1.      The Laws of Ecclesiastical Polity, Book V, 50.3
2.      ibid
3.      Book V 54.5
4.      Book V 67.6
5.      II Peter 1:4
6.      Specifically in this verse, koinonos.
7.      Book V 67.11
8.      ibid


Derril said...

Thank you many times to the authors of this series on the Articles of Religion.

Based on my twenty-five years in the ACC and as a life-long Anglican, it seems there are two related issues of great importance to Continuing Anglicans today.

1. The necessity of our people being urged to make personal preparations before receiving the Body and Blood of our Lord. In this regard, in my youth I was urged to use a pamphlet titled "Preparation for Holy Communion and Thanksgiving After Communion" originally published by Parish Press.

2. This issue of open Communion. Certainly this has not been a part of classical Anglicanism and to the best of my knowledge is not condoned in the Continuing Churches. But it has been part of the Episcopal Church for a few decades and, accordingly, affects church bodies like the recently formed ACNA. It seems to me this is an important issue with respect to relations between us and ACNA - along with other well-known issues.

Anonymous said...

Allow me to echo Demi's many thanks!

As possibly useful, I note:

Available at the Internet Archive are:

John Johnson's Theological Wotks (Oxford:Parker, 1847), including The Unbloody Sacrifice;

Moule's 1895 edition of Ridley's Btirf Declatation of the Lord's Supper (including an abridged translation of Retramnus);

editions of Ridley's Works, etc.;

both an original 1550 edition and Todd's 1825 edition of Cranmer's Defence of the True and Catholic Doctrine of the Sacrament;

Cox's 1844 editions of Writings and Disputations of Thomas Cranmer relative to the Sacrament;

editions of Cranmer's Works, etc. (I have not as yet looked for the other authors/works mentioned by Archbishop Peter Robinson).

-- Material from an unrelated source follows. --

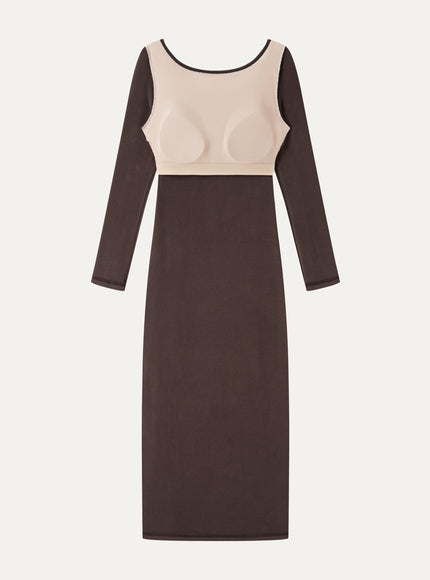Boatneck Open-Back Midi Built-In Bra Dress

In the background to Demi's second point is the Kikuyu controversy of exactly a century ago, and its aftermath, with more recent Canon law as to what openness there is on what terms in the Church of England: perhaps a expository post on all this would be helpful!

St. Thomas Aquinas in treating Transubstantiation is clearly concerned with avoiding dangers of idolatry; Luther, in the Babylonian Captivity argues it is easy to worry too much about dangers of idolatry; the Consensus Tigurinus and the Heidelberg Catechism are very concerned with such dangers, and do not seem obviously moderate in the dismissive way in which they implicitly condemn Luther as thoroughly as (explicitly) 'Rome'.

Perhaps you could someday post on the matter of idolatry and the Eucharist (not least with reference to the last paragraph of Article 28)?